After Nancy Greene Raine began supporting my work in 1978 and I started to work with world class racers and coaches I began to hear the comment that skiers like the legendary Toni Sailor or Nancy Green Raine ‘knew how to stand on their skis’. This implied that the reason other skiers could not ski like the Toni Sailors and Nancy Green Raines of the world was that they didn’t know how to stand on their skis. I found this puzzling. If it were that simple (it wasn’t and still isn’t), why hadn’t someone figured out how Sailor and Raine stood on their skis and started teaching the rest of the skiers how to stand the same way?
It was also about 1978 that the story began to take root within the ranks of the ski industry that ‘the foot functions best in skiing when it’s joints are completely immobilized in the ski boot’. The holy grail of skiing, a perfect fit of the ski boot that precisely mirrors the shape of a skier’s foot, emerged soon after. In this paradigm, if tight was good, tighter was better.
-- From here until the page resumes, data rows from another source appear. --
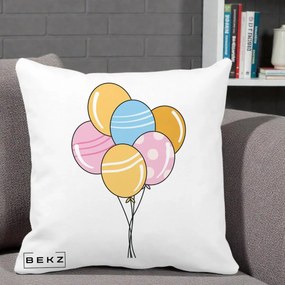 Perna Decorativa Baloane Petrecere, 40x40 cm, Alba Mata, Husa Detasabila, Perna Inclusa, BEKZ®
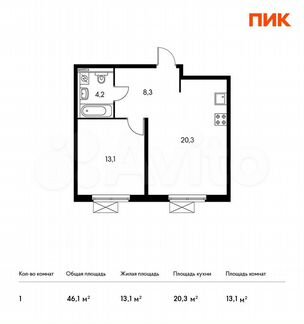 1-к квартира, 46.1 м², 17/33 эт.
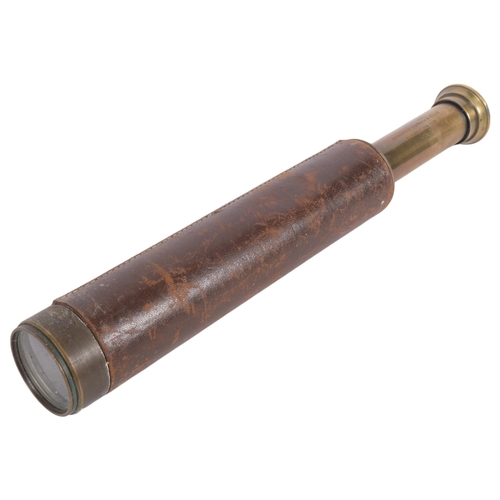 447 - A 19th century 3-draw leather-covered brass telescope, by Broadhurst Clarkson & Co Ltd, extended 76c... 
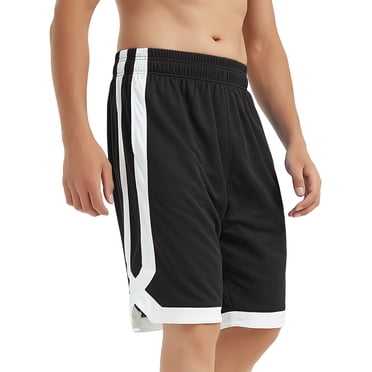 TOPTIE Shorts de Basketball en Maille 7 Pouces pour Hommes avec Poches, Shorts Athlétiques Actifs Bicolores, Shorts d'Entraînement pour Adulte-Noir-G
Aside from the obvious contradiction (the foot functions best when it is rendered dysfunctional?), it was a good story. On the surface, it made sense to most skiers, myself included, right up until I watched Nancy Green Raine undo all the buckles on her boots and ski better than any other skier on the hill. In observing and speaking with numerous elite skiers, a consistent pattern began to emerge; they all skied with their boots relatively loose compared to the boots of the average skier or racer; a stark contradiction to the ‘tighter is better’ story. A tight fit/loose fit paradox existed. This caused me to start to question the official position on boot fit.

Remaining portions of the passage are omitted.